Sunday, December 20, 2009

Early Christmas Memories

Something that always signaled the beginning of the holiday season (Halloween-Thanksgiving-Christmas) was the yearly showing of “It’s the Great Pumpkin, Charlie Brown.” To me, the tone, look and feel of those children and their life and environment was captivating—it was real. It looked like the East coast, like the schools and houses and places I knew. So I would sit, hushed and reverent and watch the bittersweet story unfold. Many weeks later, I watched “A Charlie Brown Christmas” with the same melancholy tenderness. At the end of each program, an announcer would tell me that the show had been sponsored by Dolly Madison cakes and cookies—seeing the logo always filled me with a sort of sadness. It meant they were leaving and I wouldn’t see them again until next year. I just wish I could’ve gone with them, to help them—to cheer up Charlie Brown or to be Linus’ friend.

My first clear memory of winter is connected to our house on West Main Street. My mother hung wreaths of red, crinkled cellophane with a single tiny red bulb in the front windows. We had a fireplace and my mother and father helped me make a long chain out of colored construction paper to hang from the mantle. Mom made her Christmas butter cookies and I associate their warm, safe smell and luscious, enveloping taste exclusively with Christmas. We mixed white frosting with food coloring to get red and green and I got to frost a few cookies, and then sprinkle on the multi-colored decorations.
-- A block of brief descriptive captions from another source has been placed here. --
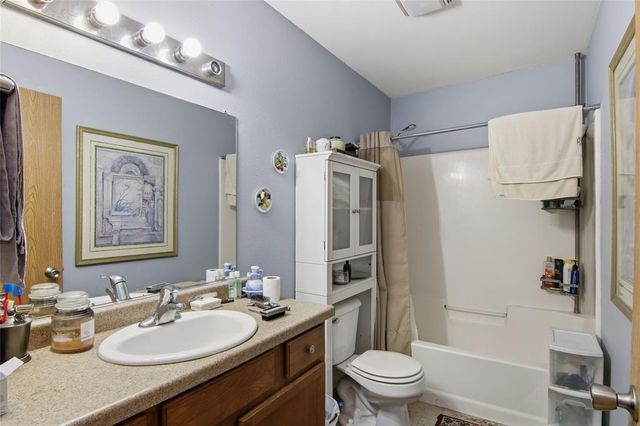 1827 Charles Street, Eau Claire, WI 54703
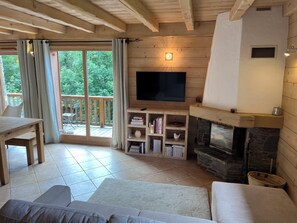 Living area - Chalet in the heart of the resort, less than 4 minutes from the slopes, shops and restaurants. (Sainte-Foy-Tarentaise)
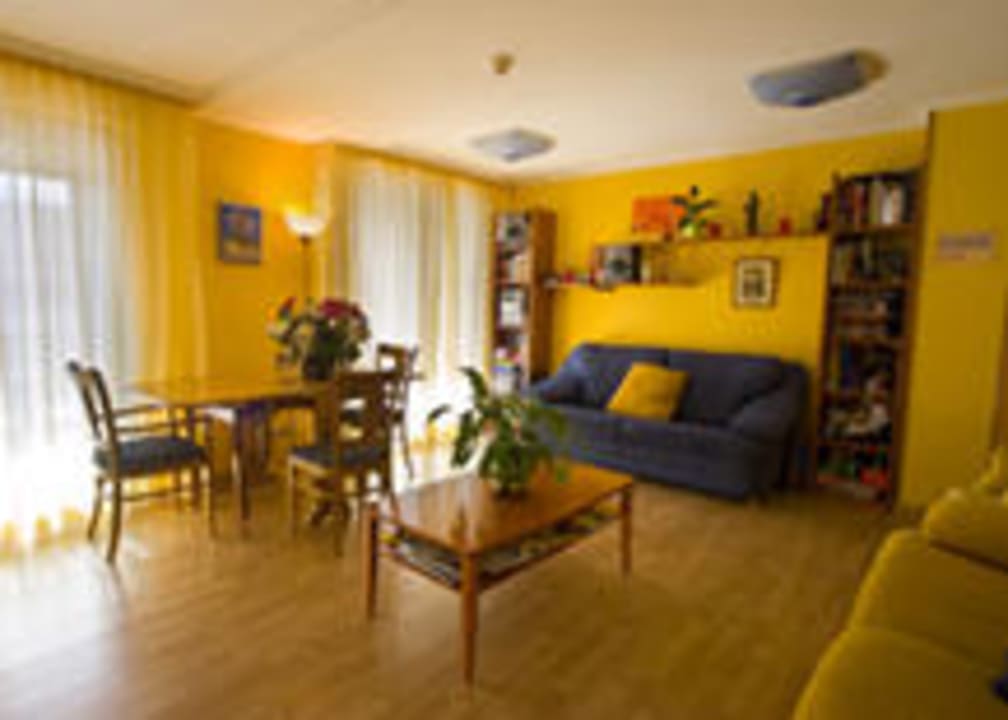 Salón-Estar /Internet Gratuito  Hostal El Volante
I ate several before bed each night with a glass of milk and it was heaven. And of course, Santa had to have some on Christmas Eve so my mom and I would leave a little plate for him—and a carrot for the reindeer.

Mom’s Christmas Butter Cookies
Sift together three cups of flour, one teaspoon of baking powder and half of a teaspoon of salt. Then cream together one cup of butter and three quarters of a cup of sugar; stir in one unbeaten egg, two tablespoons of milk and one and a half teaspoons of fine vanilla extract and mix well. Add the dry ingredients a third at a time. Chill the dough for one hour. Roll the dough onto a floured surface with a floured rolling pin. Roll to one-eighth of an inch thickness. Use cookie cutters and place them on an ungreased cookie sheet. Bake them five to eight minutes at 350*, watching carefully. Frost and decorate. Enjoy.


I loved riding in the car at night to see relatives because I got to see the Christmas decorations that covered downtown. Garlands wound up lampposts, jumped from one side of the street to the other and zigzagged up Main Street. Enormous wreaths dotted with colored lights were suspended from the garlands down the center of Main Street. Even the traffic lights seemed to sparkle a little more as though they were part of the holiday show. The biting air mixed with the smell of exhaust from the car, and the brown, wet snow slushed under my galoshes.

After a good snow, my father would ask, “Didja hear the weather report? Chile today, hot tamale.” Then he’d take us to the golf course at the edge of town with its gentle (and a few not so gentle) slopes for tobogganing. He bought me a red plastic sled and we played in the snow, both of us riding down the hills, tumbling, laughing, and me getting the shock of snow in my mittens and down my snowsuit.

One Christmas, my parents took me to Rochester to visit many Santas at many different department stores, ending up at a particularly big, grand department store to see the final Santa. I sat on his lap and like all the other children, I must’ve told him what I wanted but I can’t remember what it was that I asked for. Actually, I don’t remember asking any of the Santas for anything. I had my picture taken sitting on his knee, looking calmly, stoically, with resignation at the camera. I remember all this not because of Santa but because of the surreal event I experienced afterward. I was taken to Santa Land in the basement of this department store and I boarded a small, child-sized train. I saw my parents disappear behind me as I slid down narrow, dimly lit hallways. Now and then the hallways would let out onto a large space that held a tableau of Santa at the North Pole or of Santa and his reindeer or of Santa delivering presents to a house while everyone was asleep. I’m fairly certain this was my first exposure to a ride like this and I was enchanted. I was frozen, watching, taking it all in. It made an indelible impression on me and I’ve been fascinated with rides ever since. I have some electric, visceral reaction to rides that make me hold my breath. It’s the idea of being entertained—someone has plotted an experience to excite or to calm me. It’s a performance really, and I consider it to be a gift from its creator to the ones who are riding. Now, I dream of that basement, the hallways sometimes turning into tunnels that connect different parts of the world, the tableaus becoming sections of rides from carnivals and amusement parks I’ve been to in my life.